A child from another woman calls me mom. The depth of the tragedy and the magnitude of the privilege are not lost on me. Jody Landers

A child from another woman calls me mom. The depth of the tragedy and the magnitude of the privilege are not lost on me.

Jody Landers

I stepped off the plane, my overnight bag & breast pump contraption slung over my shoulder. The warm tropical air wrapped around me and clung to my body like a sleepy baby. I’d just left my 3-week-old middle son home in the loving care of my mom, while my dad escorted me to this foreign place. It was my first time visiting Guatemala, the land that was giving me my 10 month old & oldest son. My husband had been with him, bound to a hotel room for the past 3 days. I arrived around 10:00p.m., the Sunday before our Monday morning US Embassy appointment. This was the final piece of the adoption process puzzle.

I opened the hotel door to find my husband passed out asleep on the bed, with Tomas in the pack-and-play crib. He was standing up looking around the room with a leery curiosity.  Our eyes met and in a matter of moments questions were both asked and answered of each other.

“Who are you?

Why are you here?

What is happening now?”

I put down my bags, walked over and cautiously picked him up. He pushed his shoulders back, trying not to touch me without falling out of my arms. His body language revealed his confusion and mistrust. I formally introduced myself, and let him know he had all the time in the world to get to know me. I promised to support him no matter what. My husband woke up and I kissed him hello. He shared how exhausted he was, how hard he was trying to figure out this father thing, how much he didn’t know – basically all the things that come with the “New Parent” title. I replied, “Well, that sounds vaguely familiar.” (I reminded him later that I had delivered our middle son via c-section 3 weeks ago and was getting up every 3 hours since then to feed said son). Early on parenting feels like a bit of competition. That’s for an entirely different story…….

The next morning after very little sleep, we alertly walked down the bustling Guatemalan city street to the US Embassy. Military men adorning AK-47’s were scattered on the public pavement as we made our way to the building. We met a long line outside the door filled with many Guatemalans, and many white parents with Guatemalan children waiting to do exactly what we were there for. When the building opened we entered, and waited. An entire bag of baby biscuits and several hours later, we were finally called back to a small dark room. Inside it sat a very friendly and official American man, who asked us many questions. After answering them and swearing it was all true, the adoption process was done.

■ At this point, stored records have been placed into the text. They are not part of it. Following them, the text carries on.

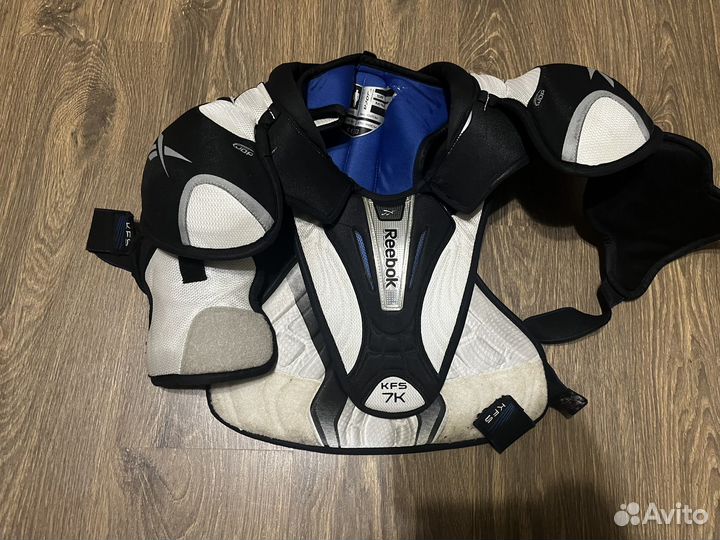 Нагрудник хоккейный reebok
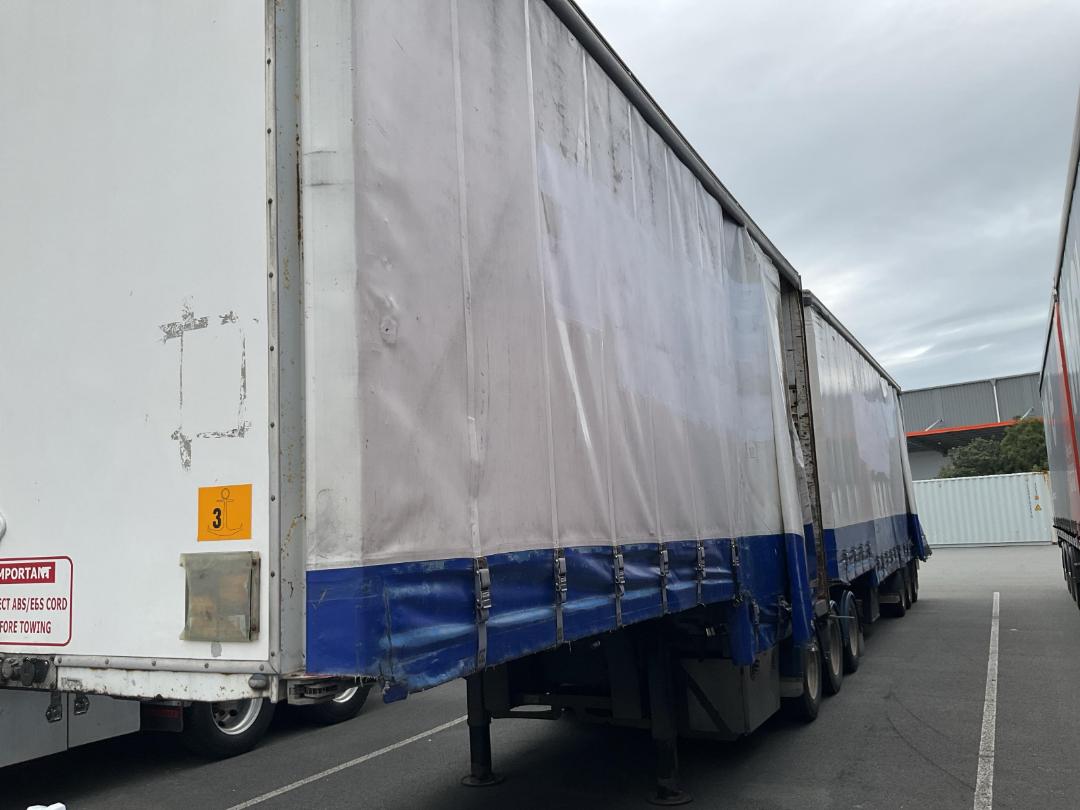 Photo '3' of Fruehauf FBC S3B-7.3 Curtainsider Semi Photo '3' of Fruehauf FBC S3B-7.3 Curtainsider Semi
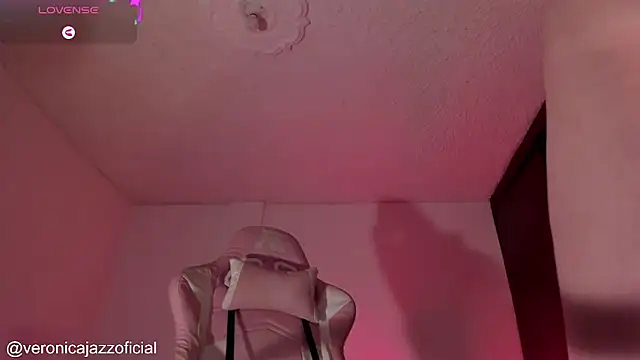 Snapshot of Veronicajazz chatting on 03.03.25 Veronicajazz online show from 03.03.25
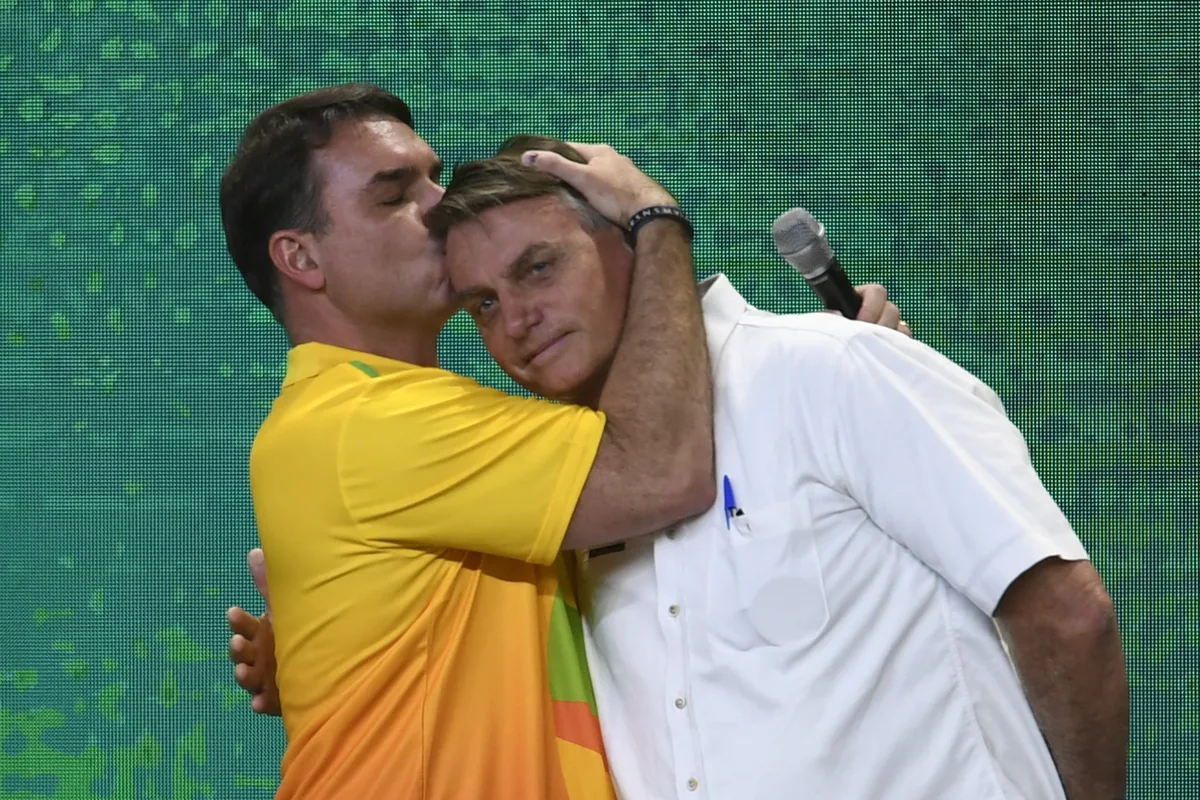 Flávio Bolsonaro arranca e iguala o desempenho do pai nos três maiores colégios eleitorais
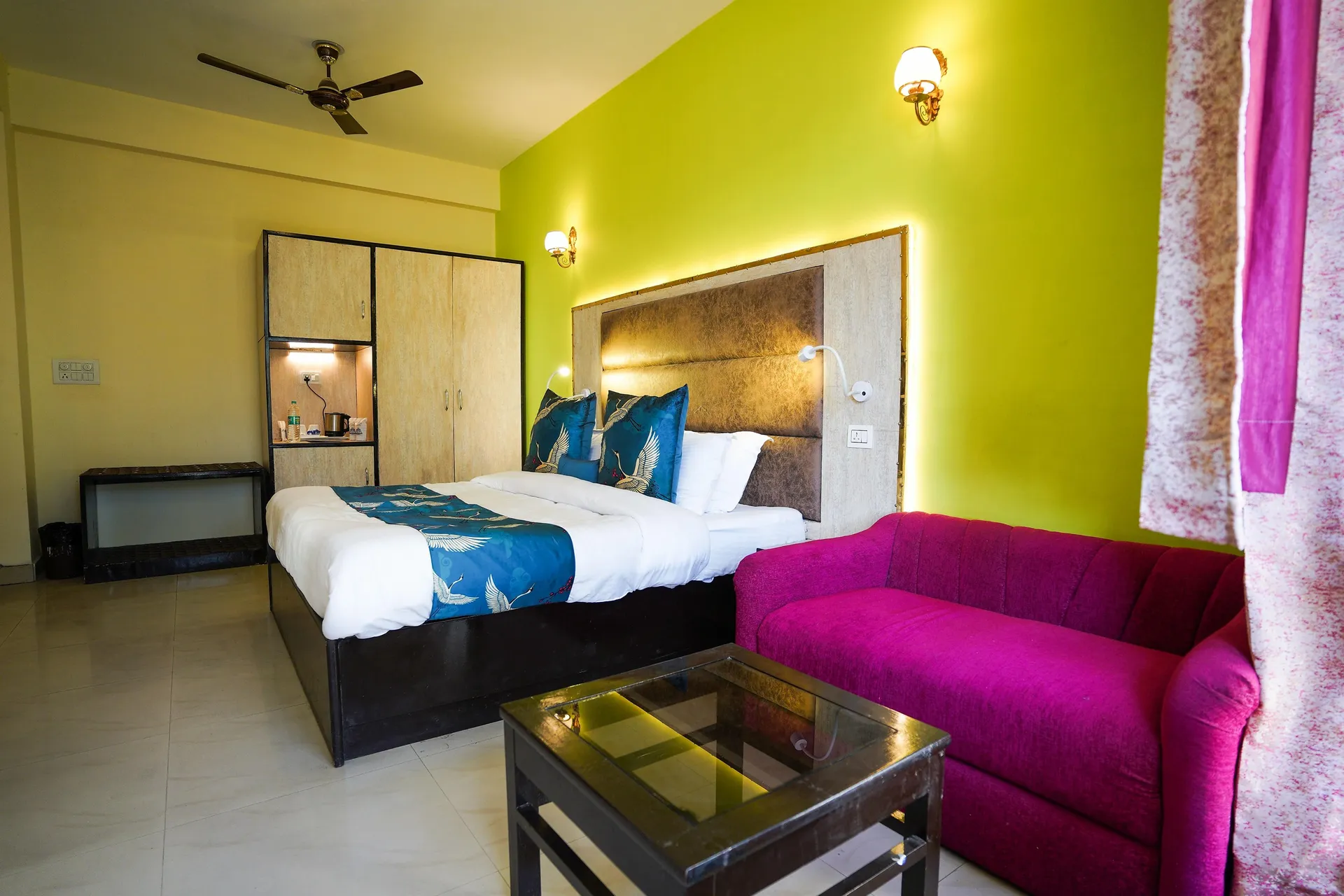 Hotel Neeraj Bhawan - Triveni Ghat Room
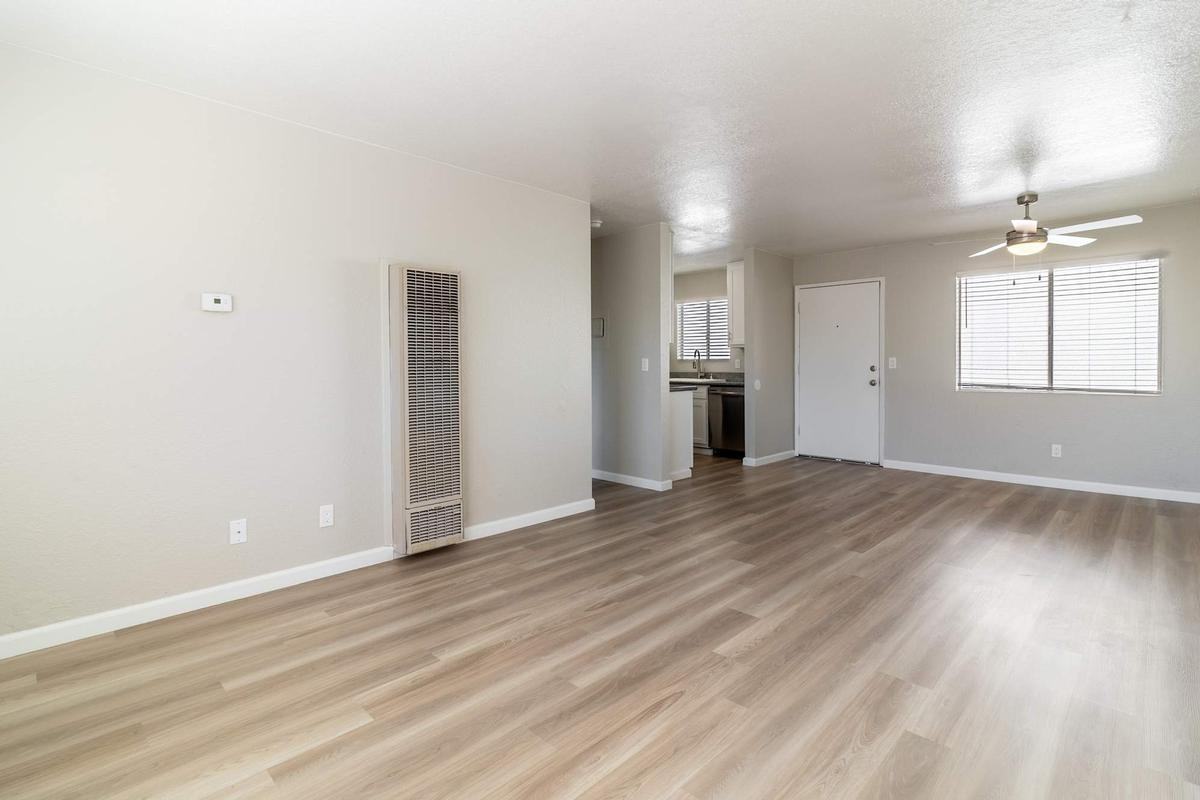 3200 Spring St - Photo 6 of 19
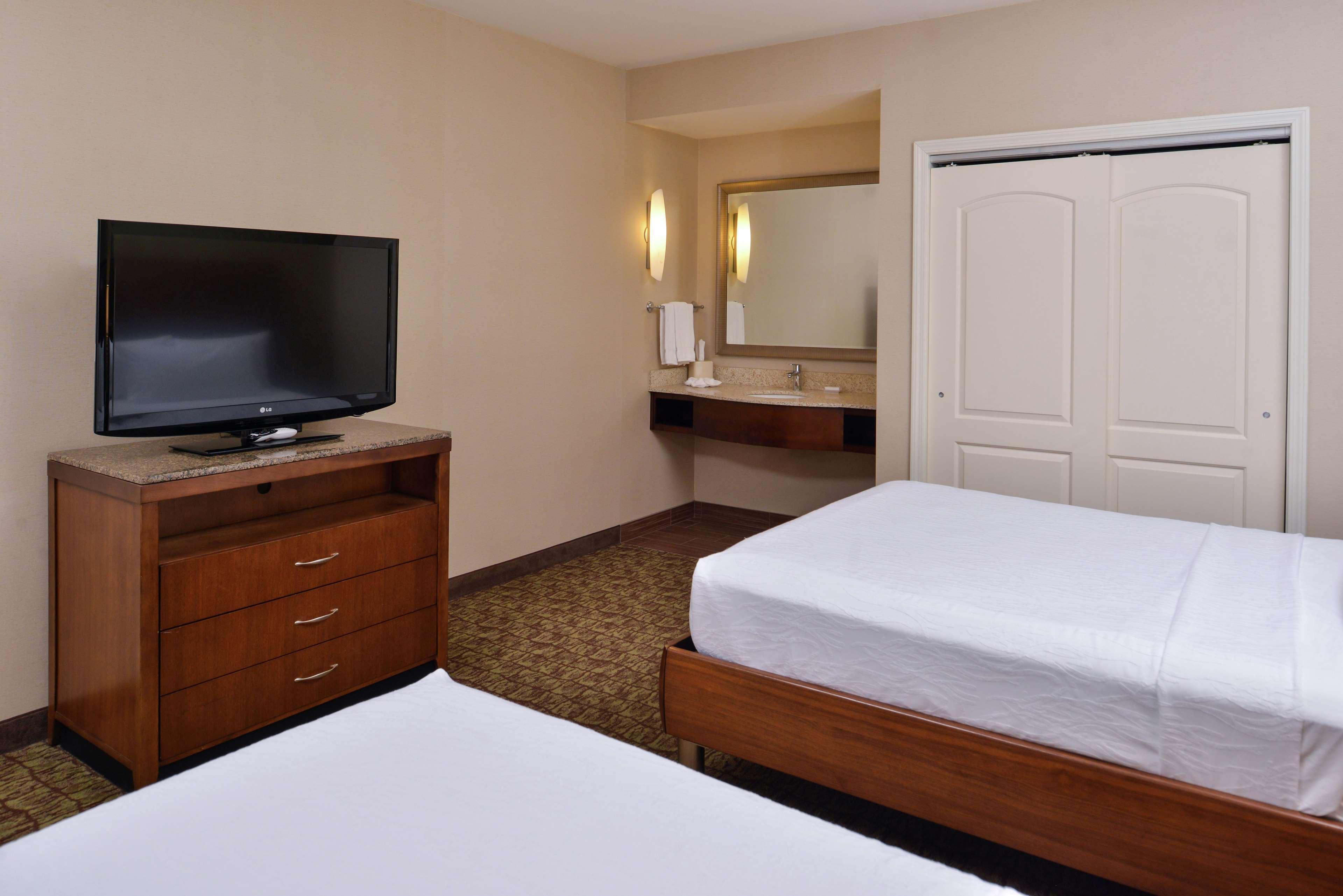 Hilton Garden Inn Boise Spectrum Exterior foto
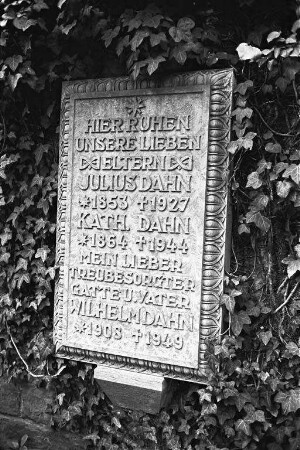 Grabmäler auf dem Karlsruher Hauptfriedhof.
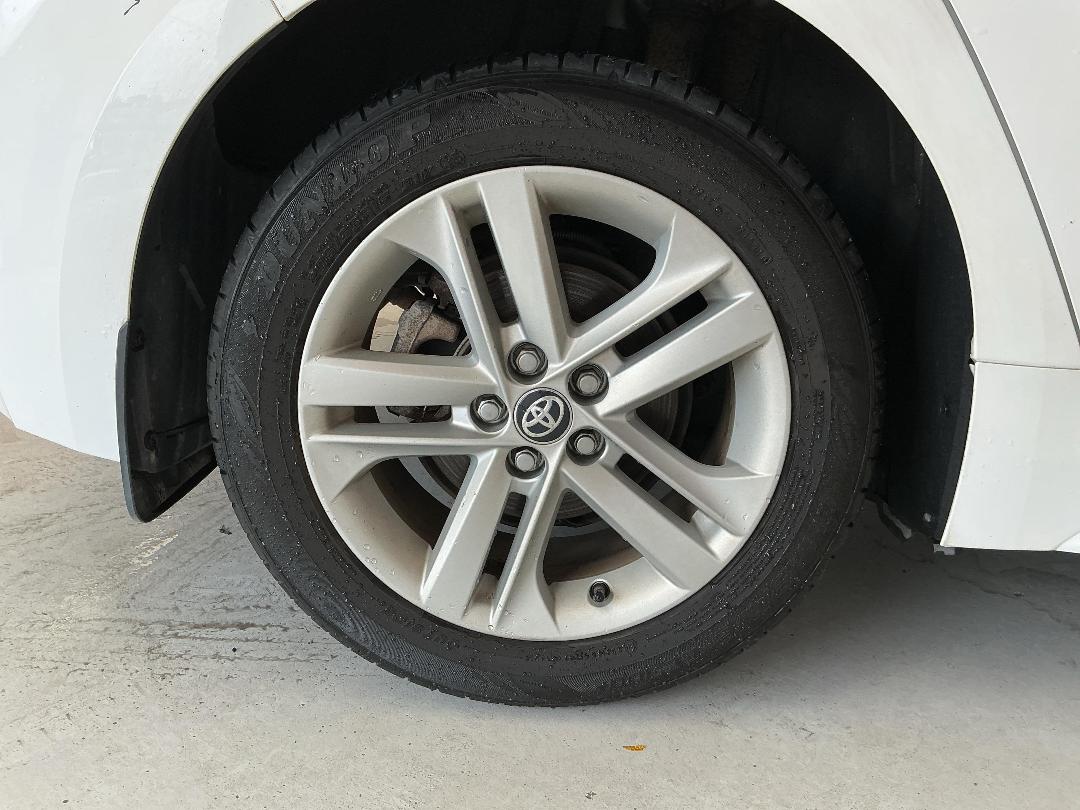 Photo '12' of Toyota Corolla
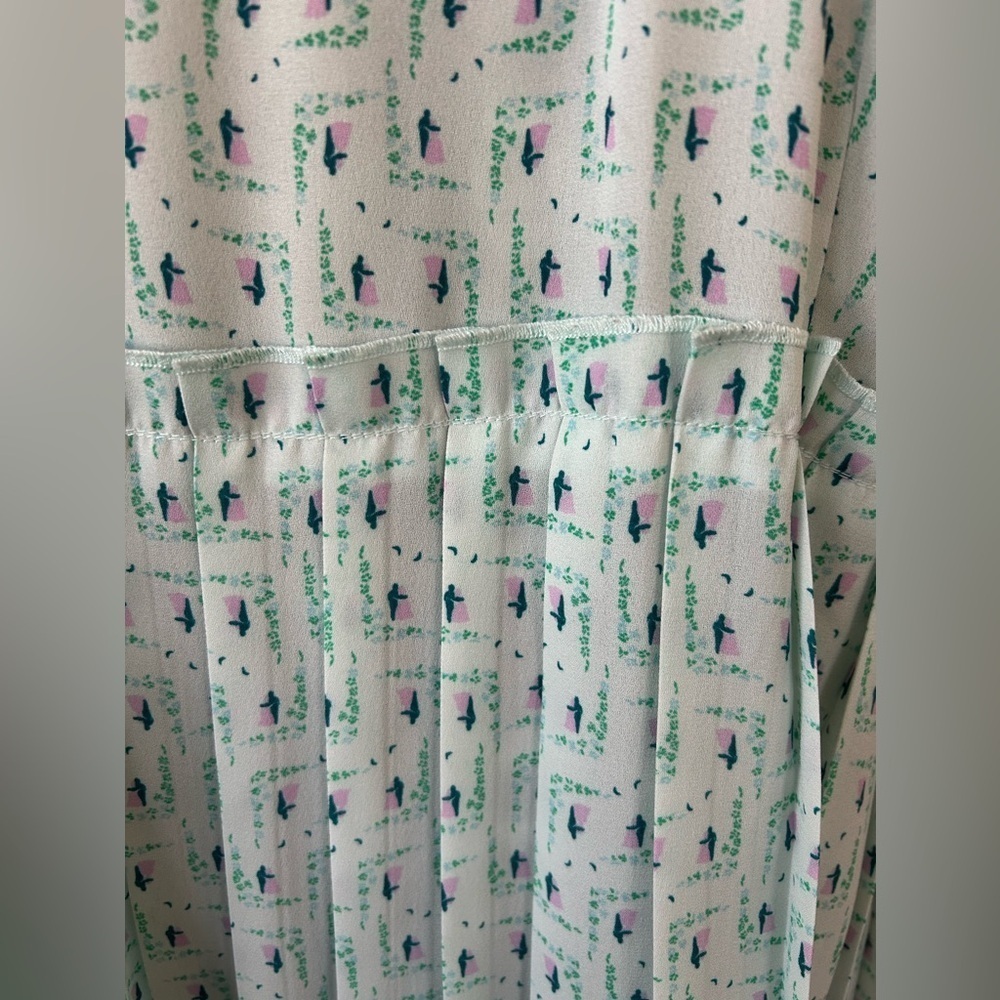 Seven7 pleated, pin-tucked floral top 2x generously cut, flattering, springtime - Picture 5 of 8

Tomas was legally our son. We walked back to our hotel, had an early dinner & visited with another couple who had become our friends throughout this year long process.

I made my way back to the airport to head home later Monday evening. Pete, Tomas, and my dad would return to Milwaukee in a couple days – when all the legal paperwork, and passports were finalized. It felt like I left just as soon as I had arrived.

Tomas has been home with us, his family, for 13 years now. Each August 1st we celebrate his “Homecoming Day”, the day commemorating when he came into our lives for good.

Adoption is one of the most humbling, holy, heartbreaking, and heart-fulfilling acts there is. All adoptions start with loss. I grieved not being able to get pregnant for 3 years. Then Tomas was born. He immediately lost his first home in his birth mom. She wanted more for him than she could provide. She suffered a loss. Tomas lived in a hogar until he was 10 months old and officially became our son. He then lost the only place he felt safe, loved, and cared for. He lost his second home and they lost him, a boy they loved & cared for as their own. He was thrust into a completely foreign life, the newness of it all inundating every one of his senses. He has grieved and loved more profoundly than most adults I know. The strength in him amazes me daily.

I’ve come to believe that before children come into the world, they choose their parents ~ in order to teach them, and heal old wounds buried deep inside. My heart fills with such joy knowing that you chose me, Tomas, and you are healing me as much as I am raising you.